In litigation, the name of the game is persuasion.  You must persuade the judge, and on rare occasions a jury, that your legal position is correct.  Over the course of a lawsuit there are numerous occasions where one side must attempt to persuade the judge of its position.  There may be battles over where the lawsuit will be litigated, what information must be exchanged, how it must be exchanged, whether the stated claims are legally valid, whether there is sufficient evidence to even have a trial, etc.  In all these battles, the side submitting a motion to the court has more information than the court and the other side does.  That means you paint everything to your client’s advantage, and reveal as little as possible that will hurt your client.  That, in itself, does not seem to be a huge problem; everyone has their side of the story.  However, in my career, it has led to little things like this: I drafted a motion that informed the court that 16 people did something.  However, it would look better if more people had done it.  Therefore, the partner revised the brief at that point to say “about 20.”  Not really a lie…but you get the point.  This wasn’t mere “spin.”  If I recall correctly (this was some time ago), there was no way for the court to check and find out the actual number, because we didn’t tell the court what it was.  It is not as though saying “about 20” where we could’ve said “16” abbreviated the brief in any way.  I didn’t sign the brief, so it wasn’t my decision, but I certainly felt a little unsavory.  Like a politician. 

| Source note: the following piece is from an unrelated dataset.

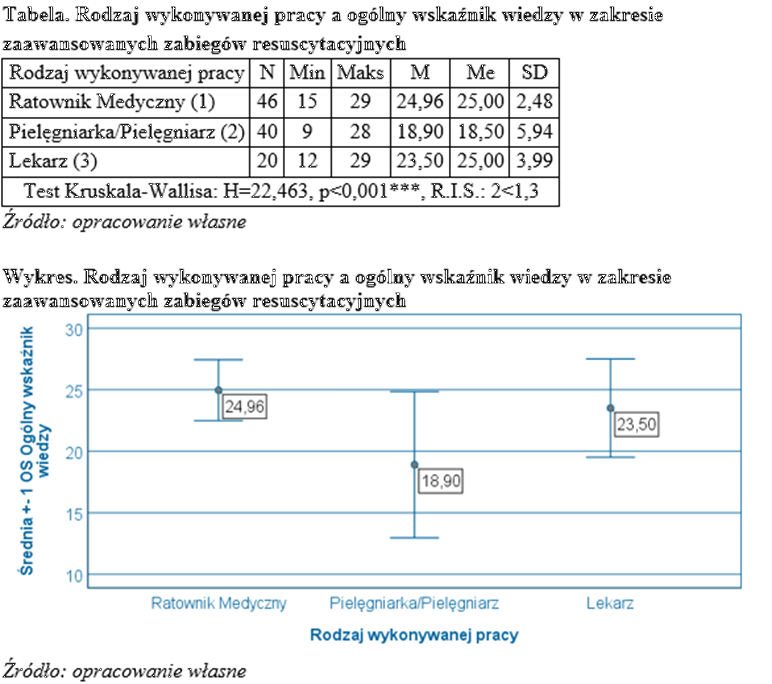 Tabela i wykres por&oacute;wnujące 3 grupy.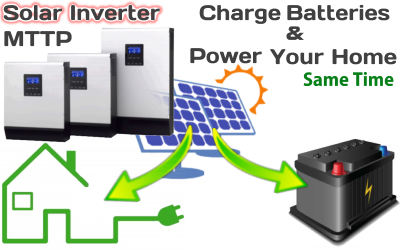 Solar Inverter for Home Kerala India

Why can’t everyone just be completely honest and let the court (and the public) decide the matter without all the unfair slanting of facts?  Because we lawyers are paid to be advocates, not to be “fair,” and if there is some other guy that’s just as skilled a lawyer that will paint the facts in as extreme a way as possible to benefit the client, then all the other lawyers must do so to keep up (or clients will flock to that other lawyer, who will become very rich).  Similarly with politicians: if you don’t skew the facts, you will get bullied and the other guy will “win” (and you’ll quickly be out of a job). 

And that is why we have this nice quote from an interview with Texas University professor J. Budziszewski:

What do you consider to be the top threats to engaging in ethical business practices?

Budziszewski: The moment lying is accepted instead of condemned, it has to be required. Once it comes to be viewed as just another way to win, then in refusing to lie for the party, the company, or the cause, a person is not doing his or her job. Dishonoring truth is perversely regarded as a kind of duty.

I completely agree with Professor Budziszewski.  We could spend a lot of time debating the structure of politics and the legal system, and the merits of the two-party system and the attorney/client privilege, but both seem powerless in the face of lying politicians and litigants.  I’m not saying all the politicians and litigants and their attorneys out there are liars, but as it grows popular, it will become as Professor Budziszewski said: a duty to lie.  Perhaps it has already gotten there in the political world, which would explain why I am so sick of watching politicians speak on television.